[Material to process — start]

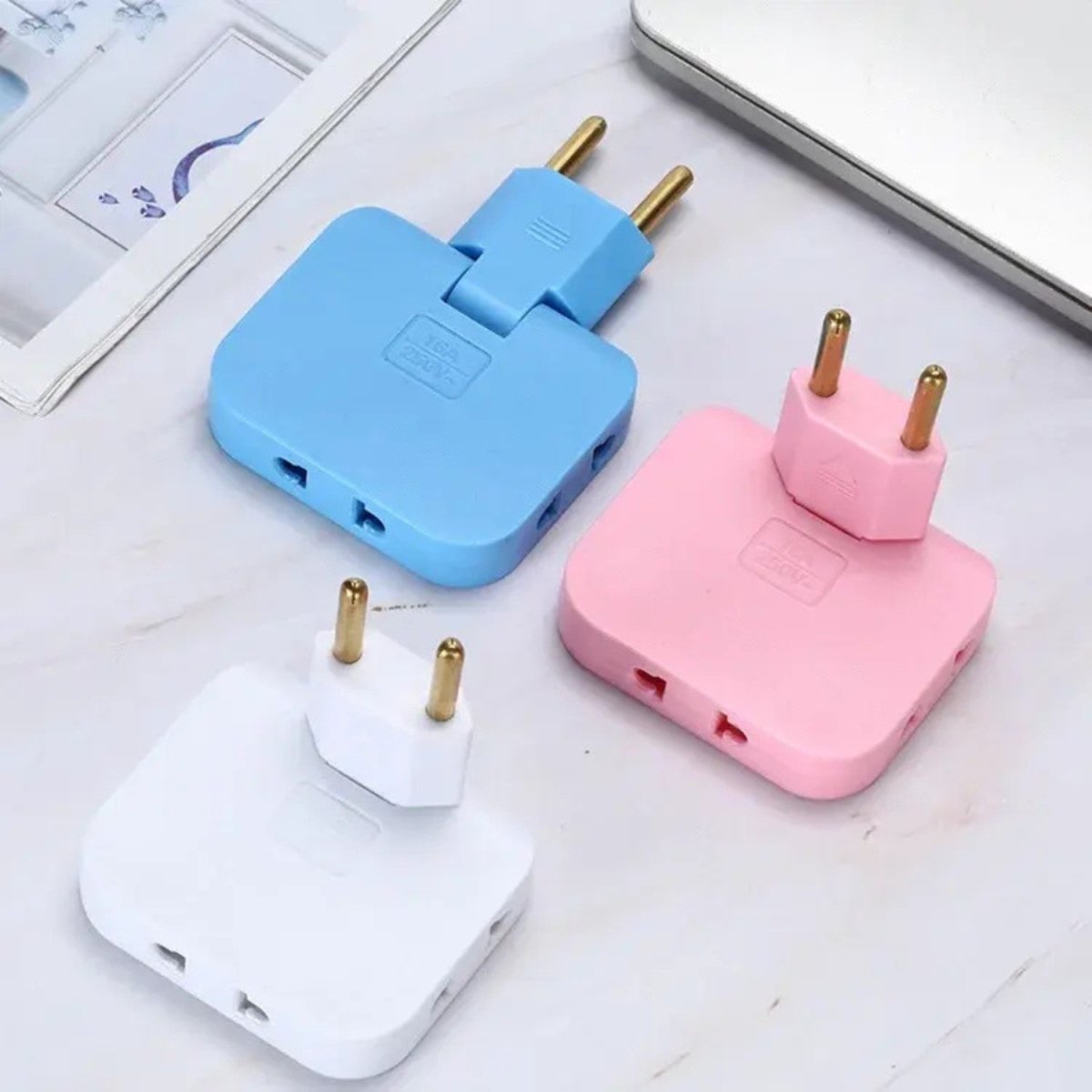 Slim Compact Universal Power Strip with 180° Rotating Head and 3 Outlets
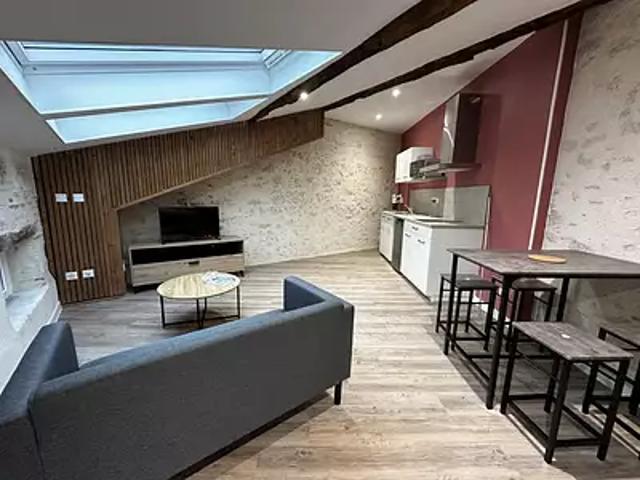 Villeneuve sur Lot 47300 Location appartement 2 pièces t2 au dernier étage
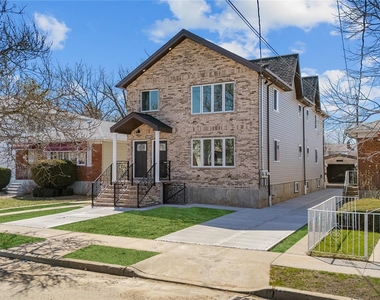 21916 141st Avenue - Photo Thumbnail 1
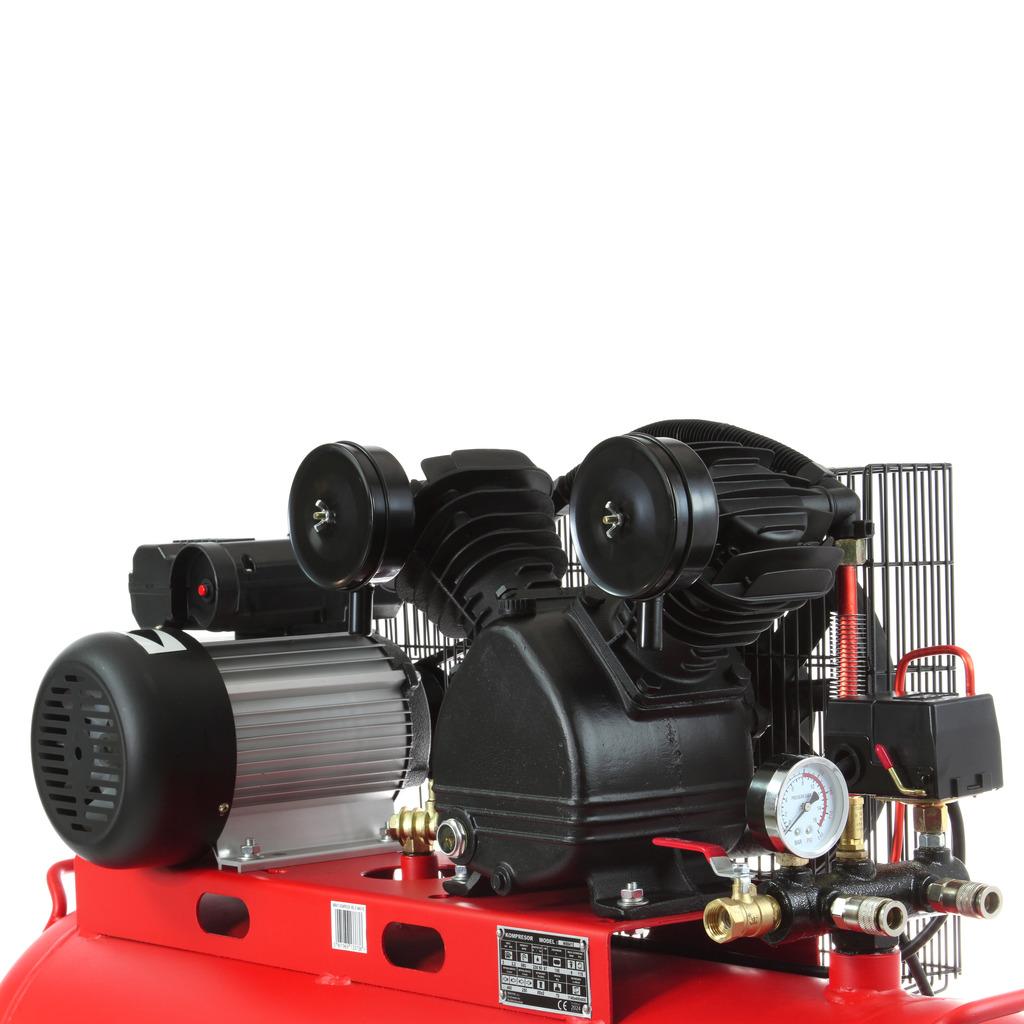 MAR-POL M88415 2,2kW Olejový kompresor 150l/min 3 piesty 380V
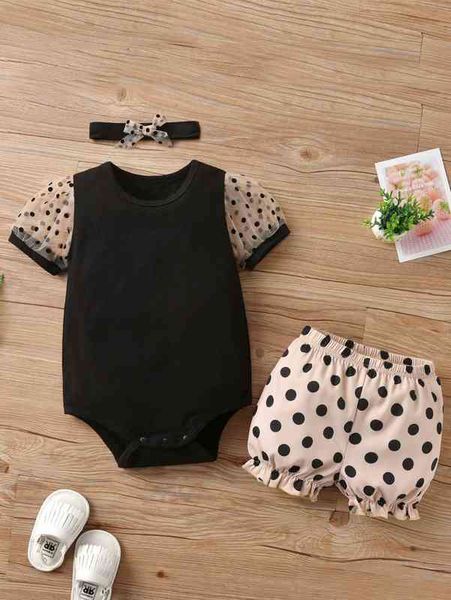 baby girl contrast dobby mesh sleeve bodysuit & dot shorts & headband she, White
baby girl contrast dobby mesh sleeve bodysuit & dot shorts & headband she, White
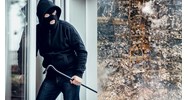 Tội khủng bố có bị tước một số quyền công dân hay không?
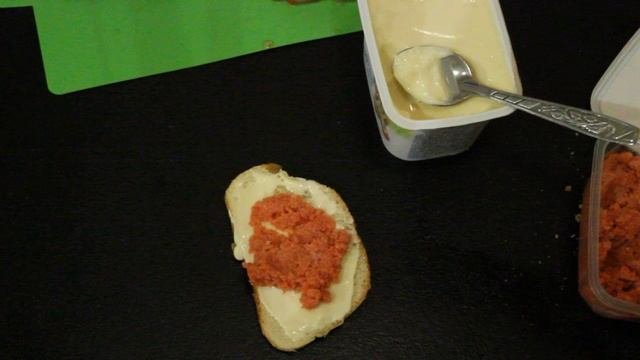 Бутерброды с плавленым сыром и лососевой закуской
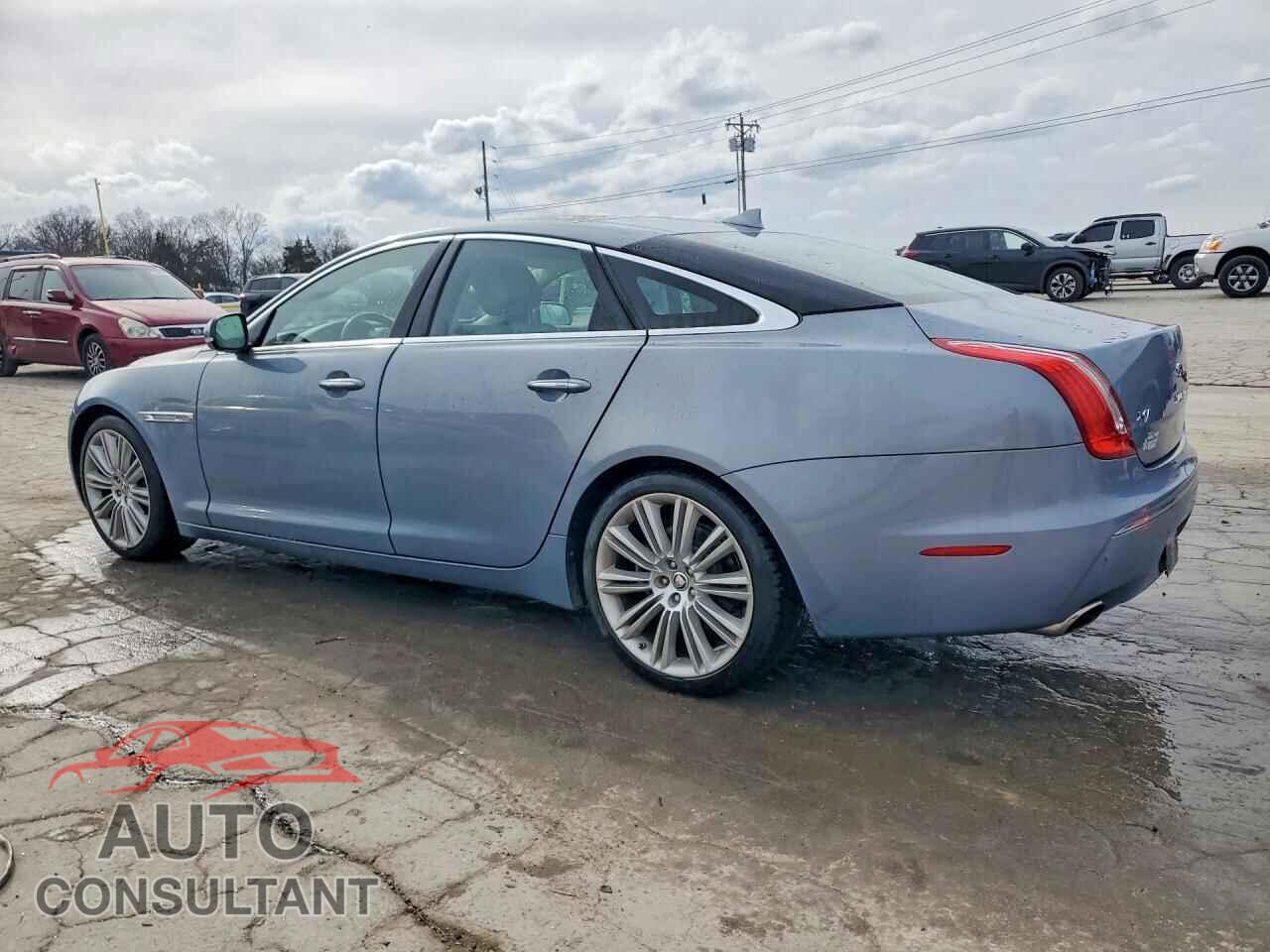 JAGUAR XJ 2013 - SAJWA1C73D8V53854
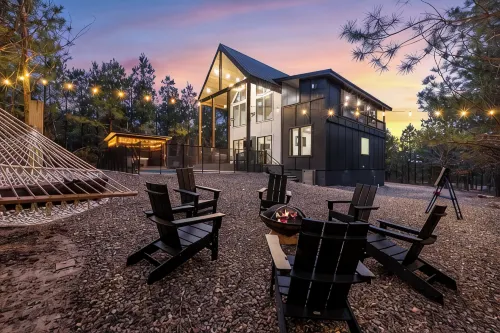 In the Pines: Eco Retreat heated Pool, Hot Tub & Games - Chalets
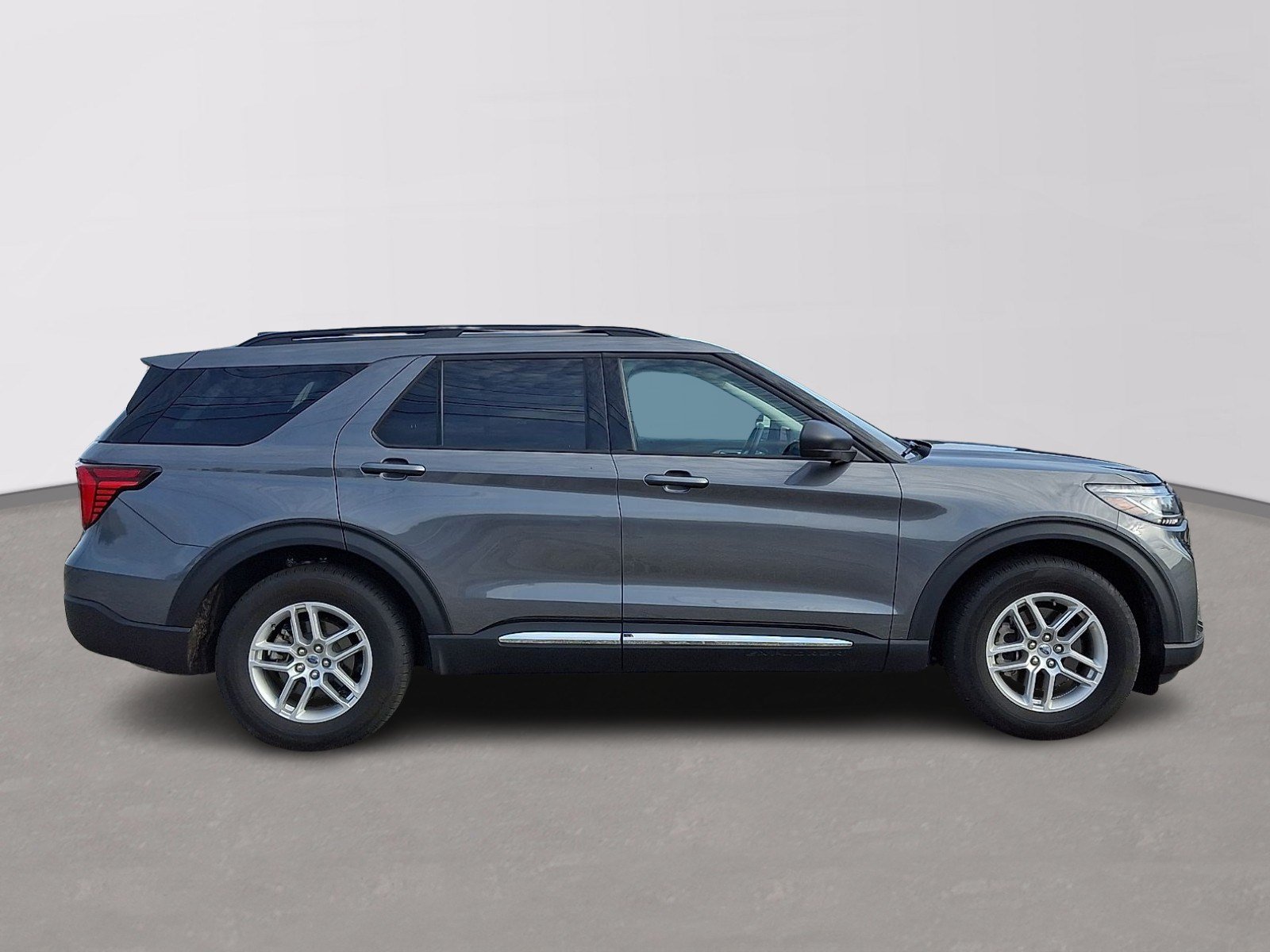 Certified 2025 Ford Explorer Active RWD image 7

[Material to process — finish]

Task item |
Return the material in full, word for word, and skip the pictures.

Result of this task |
 Slim Compact Universal Power Strip with 180° Rotating Head and 3 Outlets
 Villeneuve sur Lot 47300 Location appartement 2 pièces t2 au dernier étage
 21916 141st Avenue - Photo Thumbnail 1
 MAR-POL M88415 2,2kW Olejový kompresor 150l/min 3 piesty 380V
 baby girl contrast dobby mesh sleeve bodysuit & dot shorts & headband she, White
baby girl contrast dobby mesh sleeve bodysuit & dot shorts & headband she, White
 Tội khủng bố có bị tước một số quyền công dân hay không?
 Бутерброды с плавленым сыром и лососевой закуской
 JAGUAR XJ 2013 - SAJWA1C73D8V53854
 In the Pines: Eco Retreat heated Pool, Hot Tub & Games - Chalets
 Certified 2025 Ford Explorer Active RWD image 7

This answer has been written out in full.